Search code examples
javascriptregexregex-negationstring-operations

How to find indexes of all non-matching characters with a JS regex?


I've got a string and I want to get an array with the indexes (positions) of the characters in this string that do not match a certain regex criteria.

The issue here is that if I write it like this:

let match;
let reg = /[A-Za-z]|[0-9]/g;
let str = "1111-253-asdasdas";
let indexes = [];

do {
    match = reg.exec(str);
    if (match) indexes.push(match.index);
} while (match);

It works. It returns the indexes of all the characters that are numerical or alphabetical.

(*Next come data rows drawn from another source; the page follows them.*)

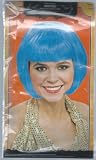 Womens Blue Bob Supermodel Wig with Bangs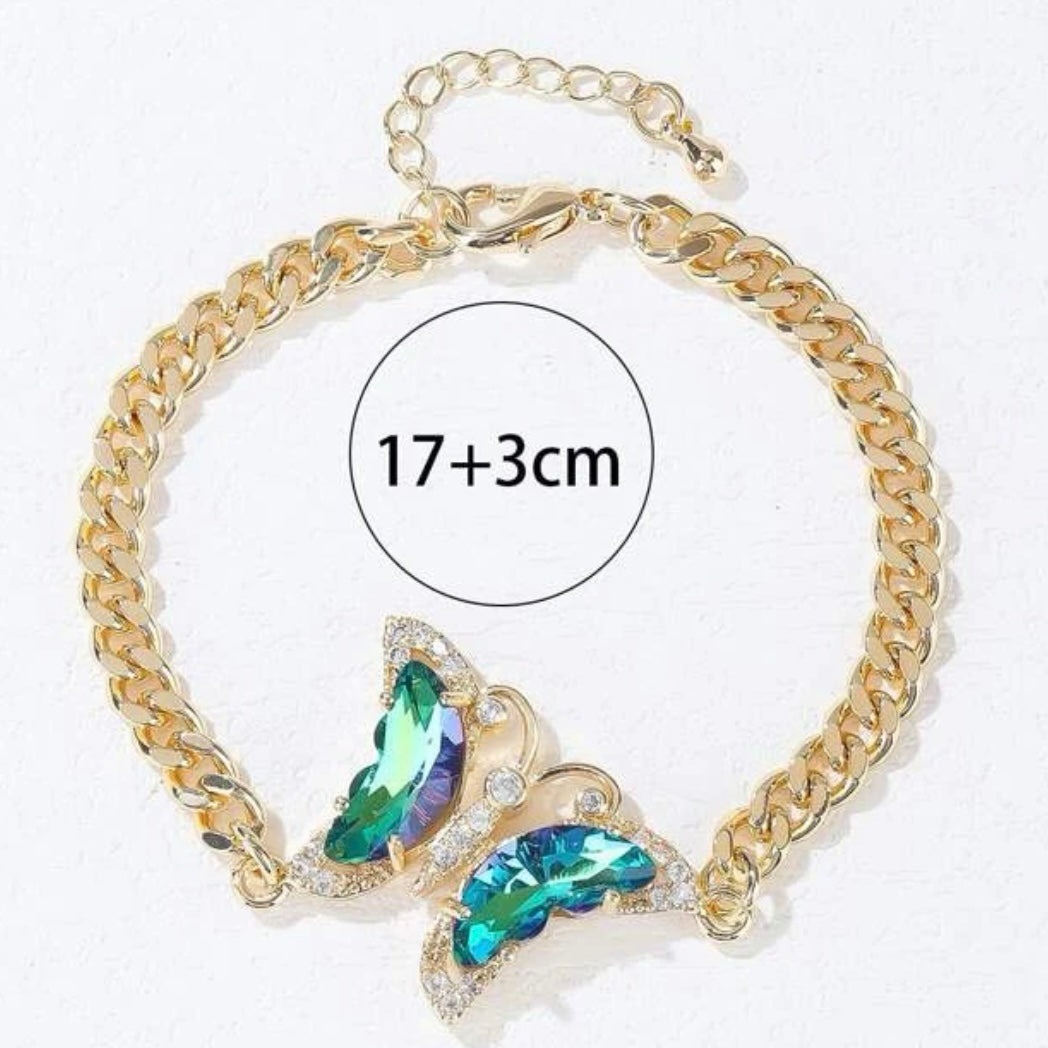Sparkling Blue Sapphire Butterfly Pendant on 14k Vermeil Gold Cuban Link Bracelet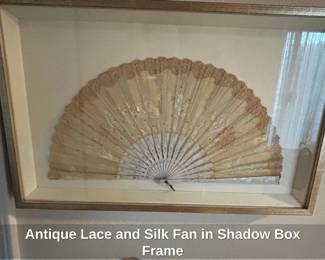 Antique Lace and Silk Fan in Shadow Box Frame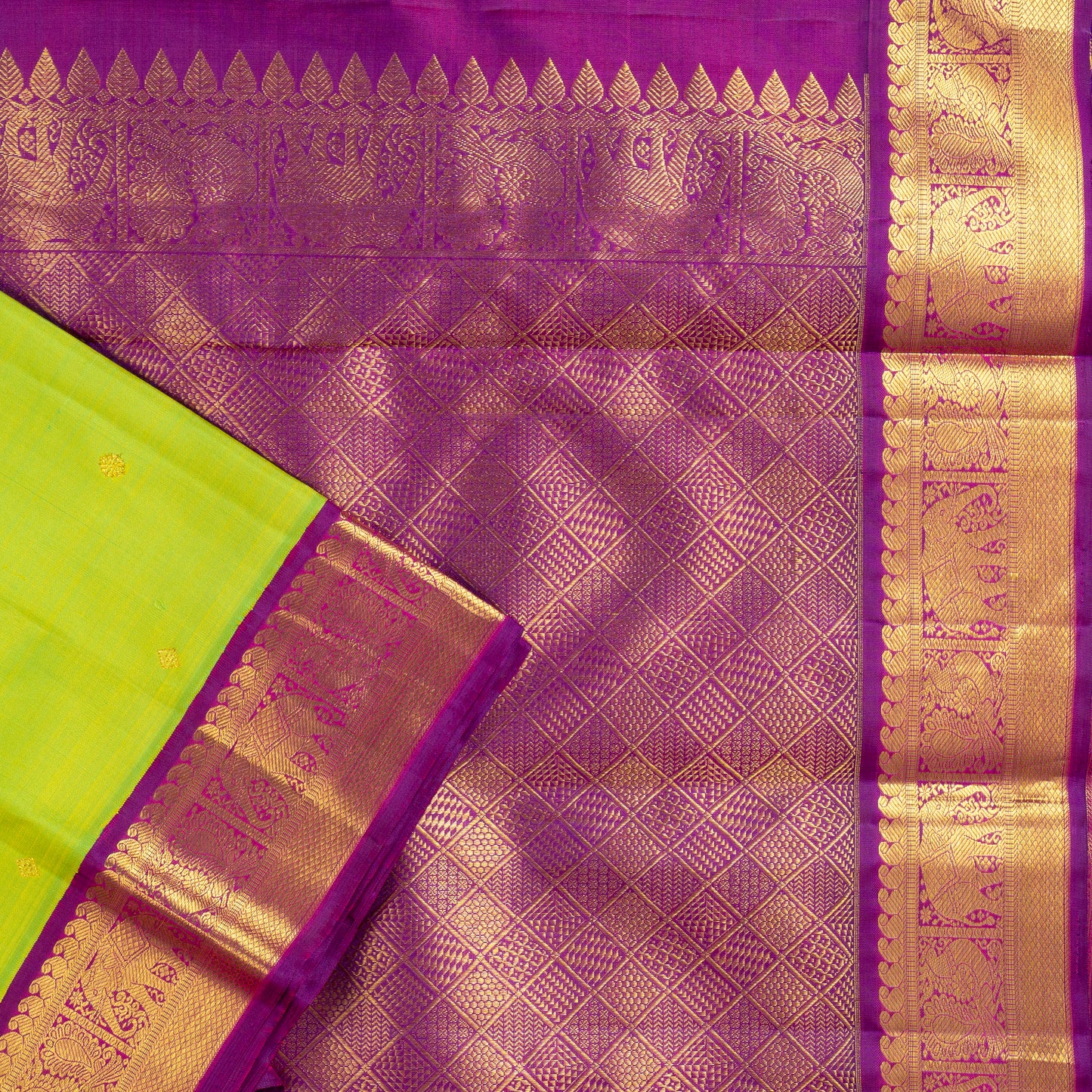 TN000032 - Neon Green Korvai Kanjivaram Pure Silk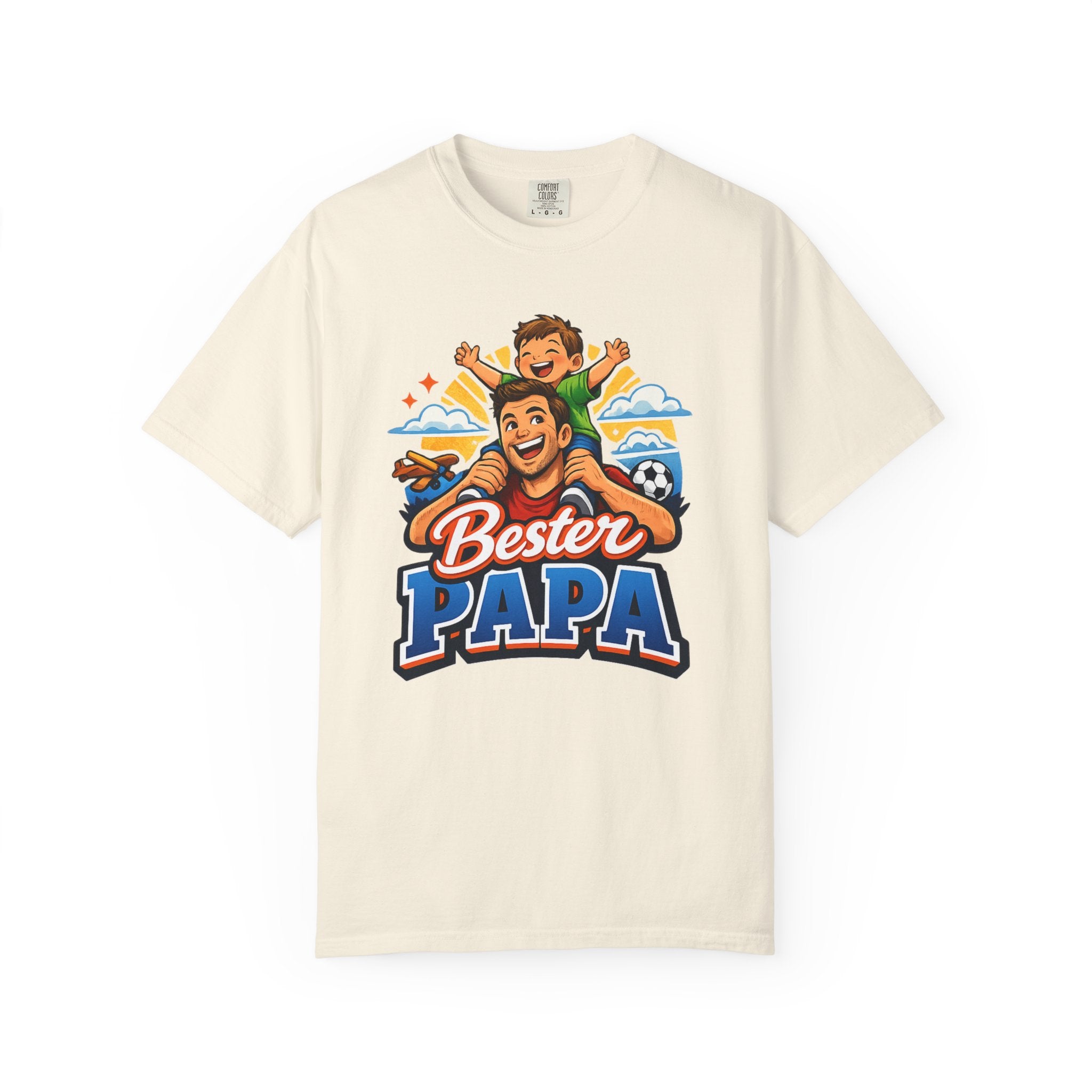 Bester Papa T-Shirt – Dad & Son Shoulder Ride Father’s Day Tee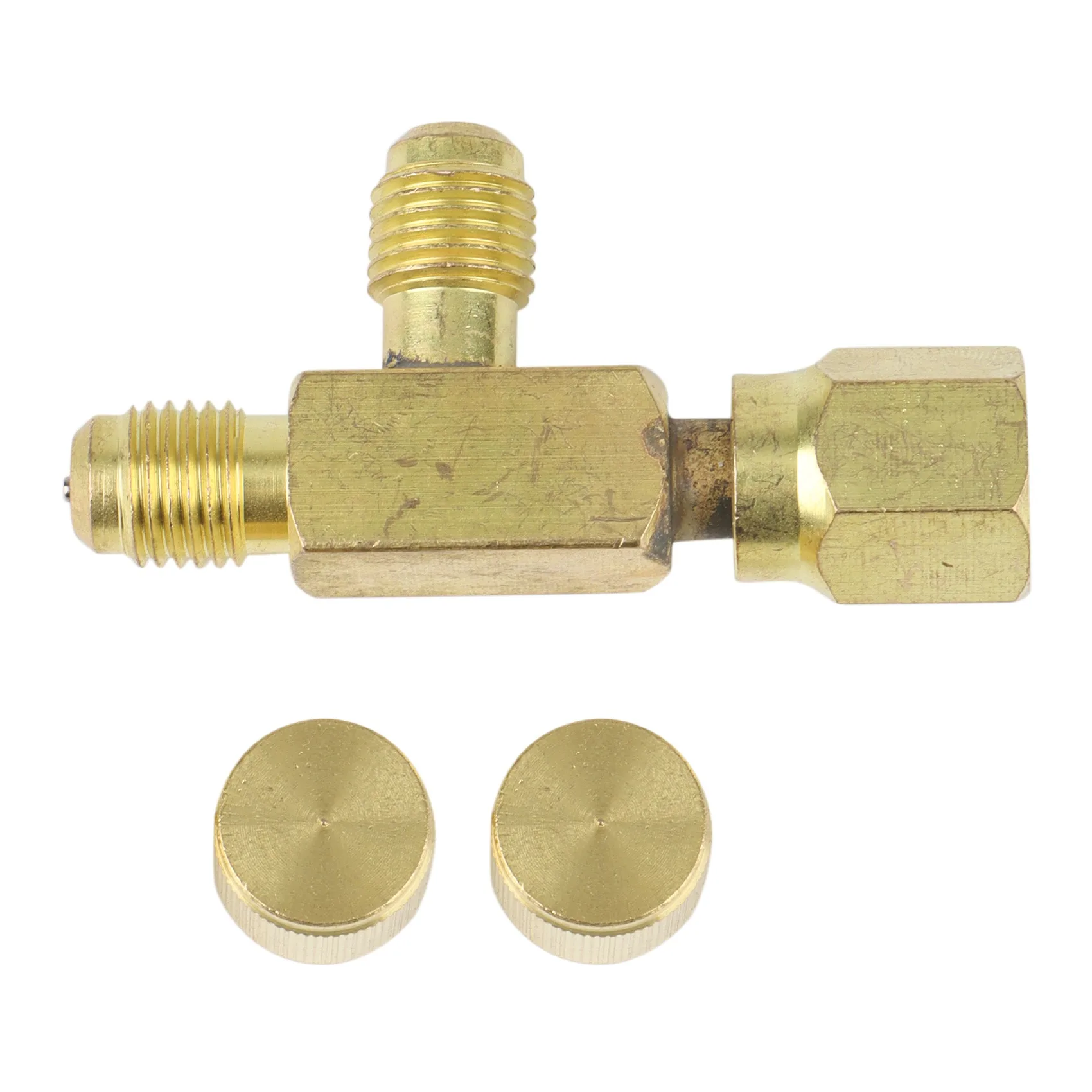 Brass Tee Adapter Converter 1/4inch Male and Female SAE Flare Swivel Connector Auto Air-Conditioning Installation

But the problem is that if I try to make the opposite, with a negative lookahead in Regex, like this:

let match;
let reg = /(?!([A-Za-z]|[0-9]))/g;
let str = "1111-253-asdasdas";
let indexes = [];

do {
    match = reg.exec(str);
    if (match) indexes.push(match.index);
} while (match);

It ends up in an infinite loop.

What I'd like to achieve is the same result as in the first case, but with the negative regex, so in this case the result would be:

indexes = [4, 8]; // which are the indexes in which a non-alphanumerical character appears

Is the loop wrong, or it's the regex expression the one who is messing things up? Maybe the exec is not working with negative lookaheads Regex expressions?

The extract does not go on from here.